Electrification of deep convective clouds (DCC) occurs when ice crystals collide with graupel in supercooled water, transferring charge: crystals typically gain positive charge and are lofted by updrafts, while graupel tend to gain negative charge and descend, establishing the electric field that leads to lightning. Greater electrification is expected in clouds with stronger updrafts and larger supercooled liquid water content (SLWC). Updraft intensity is dominated by convective available potential energy (CAPE), but can be further invigorated by fine aerosols (dry radius < 1 µm) acting as cloud condensation nuclei (CCN). More CCN nucleate more numerous, smaller droplets that delay coalescence, prolonging ascent to colder levels and increasing SLWC; the enhanced condensation also releases additional latent heat that accelerates updrafts. These mechanisms explain observed increases in lightning with CAPE and CCN and decreases with greater cloud base–freezing level distances over both tropical land and ocean. However, for the same rainfall amount, lightning frequency is generally far smaller over tropical ocean than land despite similar meteorology. Known differences in cloud base heights, updrafts, and CCN cannot explain why CAPE times precipitation amount correlates with lightning over land but not over ocean, leaving much oceanic lightning variability unexplained. Prior work also proposed that ultrafine aerosol particles could invigorate DCC via secondary activation, but this needs further observational verification. Here, the authors hypothesize that coarse sea salt aerosols (dry radius > 1 µm; coarse sea spray, CSS) have the opposite effect of fine CCN: by nucleating fewer but larger cloud drops that coalesce and precipitate faster, CSS should weaken DCC and reduce lightning. They test this hypothesis by tracking tropical DCC clusters and relating their properties and lightning to fine and coarse aerosol concentrations while controlling for meteorology.

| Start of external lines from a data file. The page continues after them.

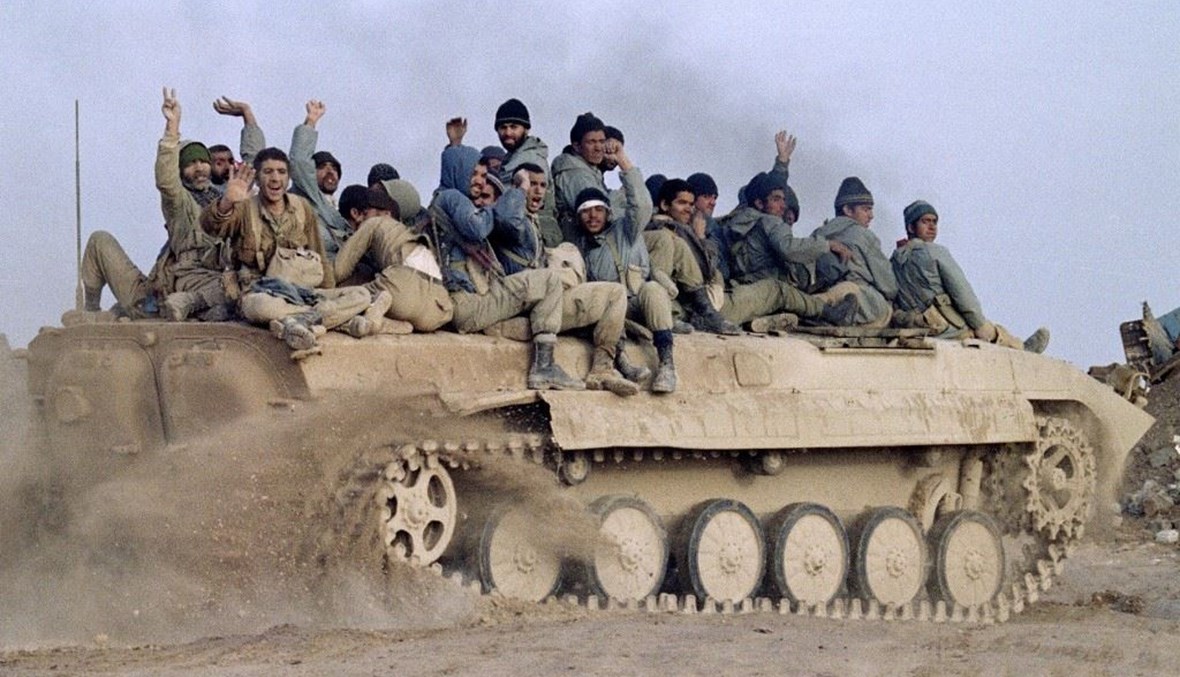من الحرب العراقية الإيرانية (أرشيف "أ ف ب").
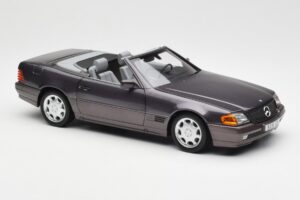 Mercedes 500 SL R129 Bornit Metallic Dealer Edition Norev 1:18 B66040655 Diecast - image 11 of 13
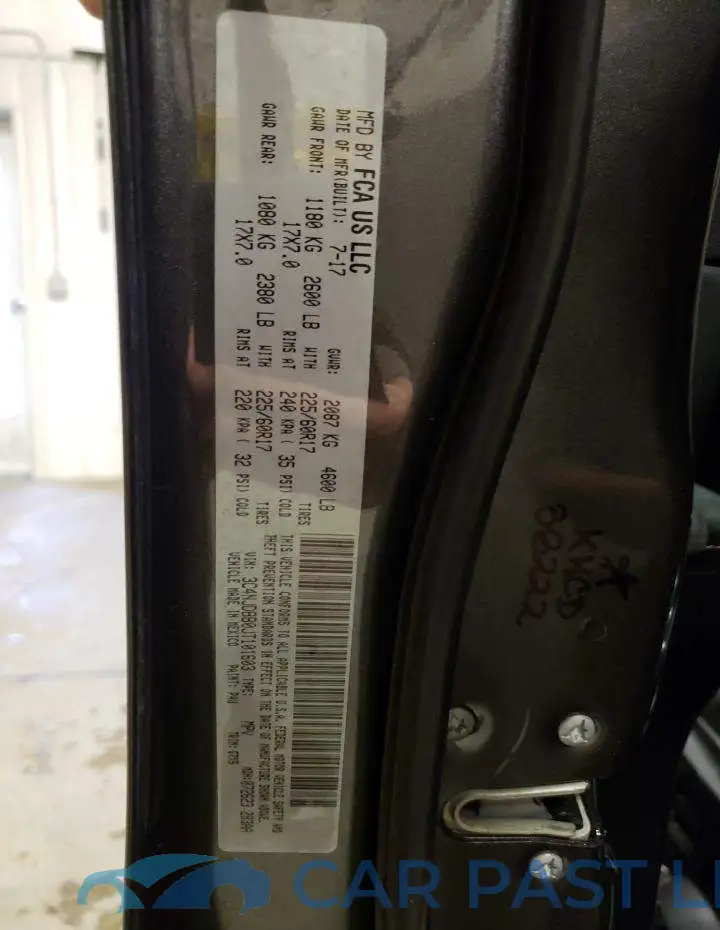 3C4NJDBB0JT101603# 13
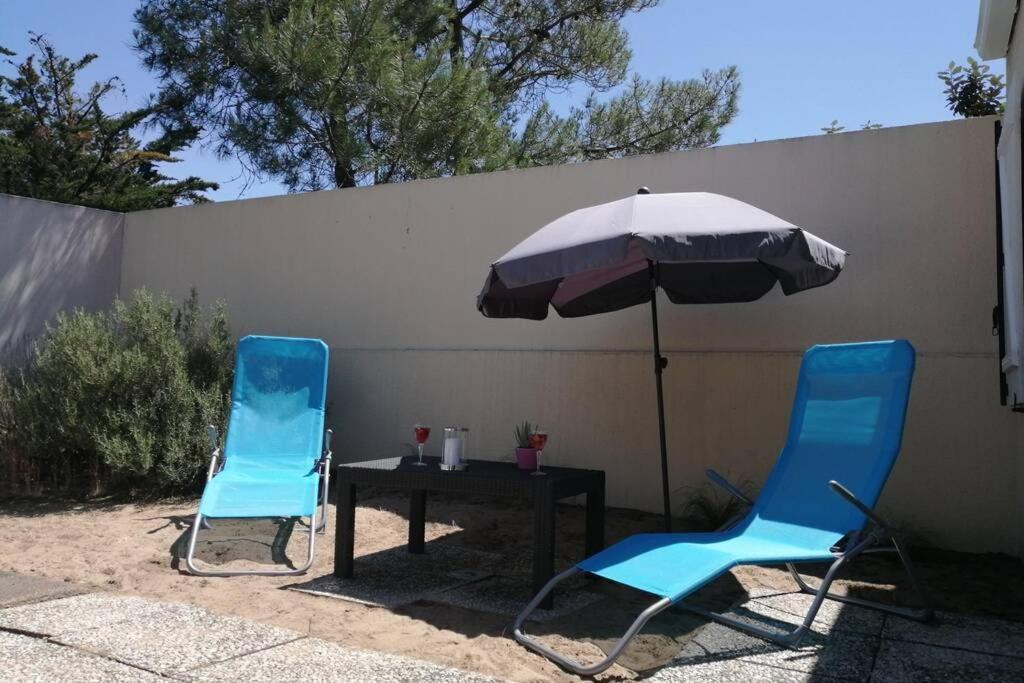 Maison 3 Chambres Sur Une Dune A 50 M De La Plage La Tranche-sur-Mer Dış mekan fotoğraf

Past studies established that DCC electrification arises from ice–graupel collisions in supercooled regions and is strengthened by strong updrafts and abundant SLWC. CAPE is a primary control on updraft strength, and fine aerosols (CCN) can invigorate convection by increasing droplet number, delaying warm rain formation, enhancing condensation and latent heat release, and promoting development of mixed-phase precipitation. Observations showed lightning increases with CAPE and CCN but decreases with larger cloud base–freezing level separation over tropics. Despite these relationships, the pronounced land–ocean lightning contrast for a given rainfall remains unexplained by thermodynamic differences alone; CAPE×precipitation predicts lightning over land but fails over ocean. Additional meteorological controls (precipitable water, wind shear) modulate convection, and ultrafine aerosol particles have been implicated in invigoration via secondary activation, though observational confirmation is pending. In contrast to invigoration by fine aerosols, theory and modeling indicate that giant or coarse CCN, such as sea salt, can enhance warm rain via early coalescence, potentially reducing mixed-phase processes that underpin electrification. This study builds on these findings to quantitatively separate and compare the effects of fine versus coarse marine aerosols on DCC and lightning.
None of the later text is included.